| Work order |
Copy the lines below, please, starting with the one that contains "5-18-19_60528635_10157090729596768_8967985292795445248_o" and ending with the last. Pictures stay out.
§
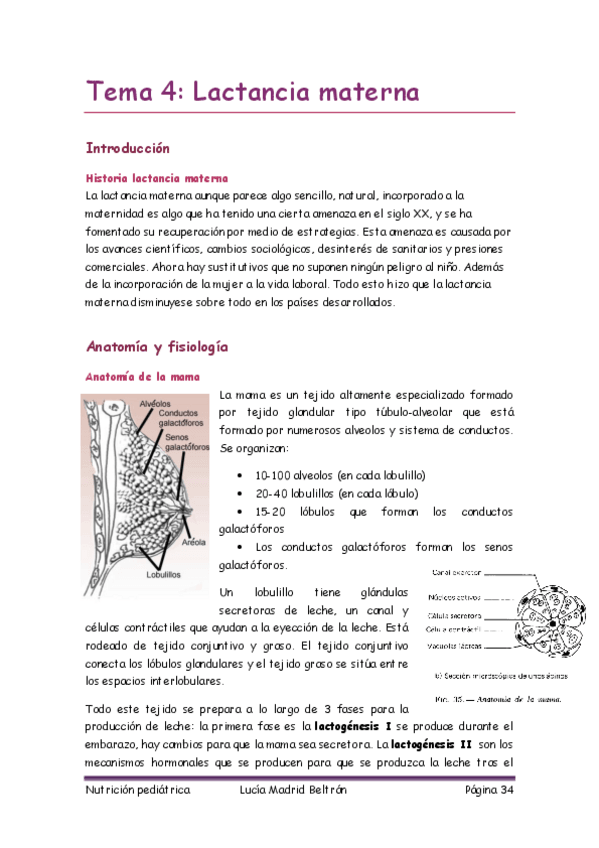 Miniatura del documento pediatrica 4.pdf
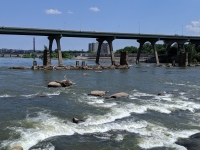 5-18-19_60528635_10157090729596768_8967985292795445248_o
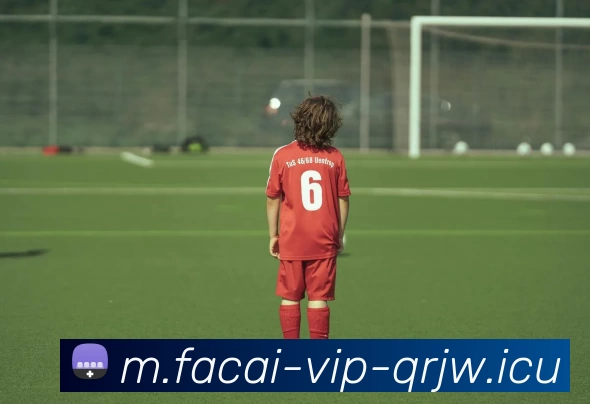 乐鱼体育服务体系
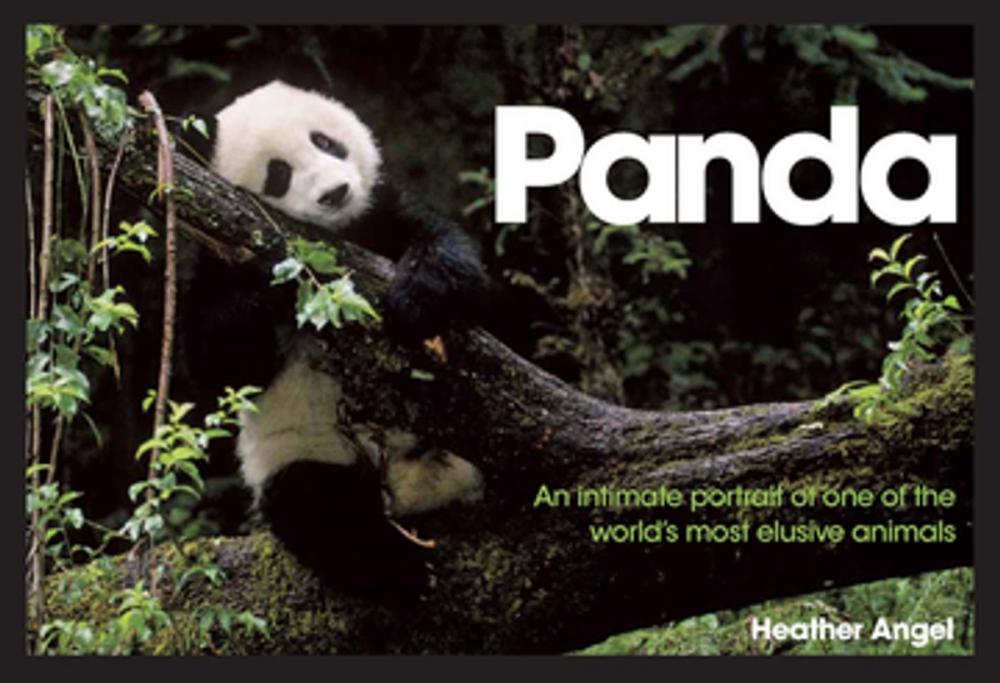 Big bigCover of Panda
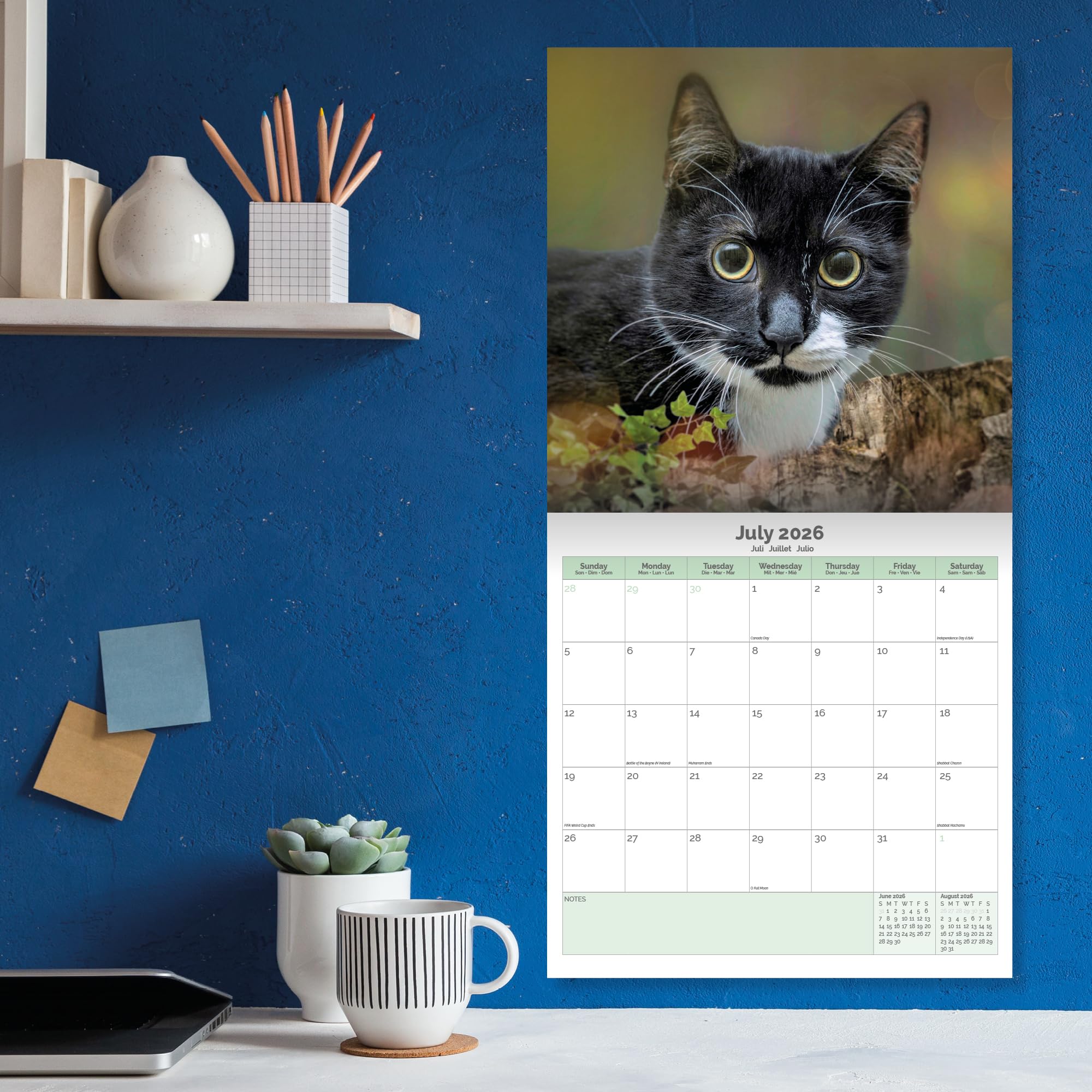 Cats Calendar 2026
§
| Finished exercise |
 5-18-19_60528635_10157090729596768_8967985292795445248_o
 乐鱼体育服务体系
 Big bigCover of Panda
 Cats Calendar 2026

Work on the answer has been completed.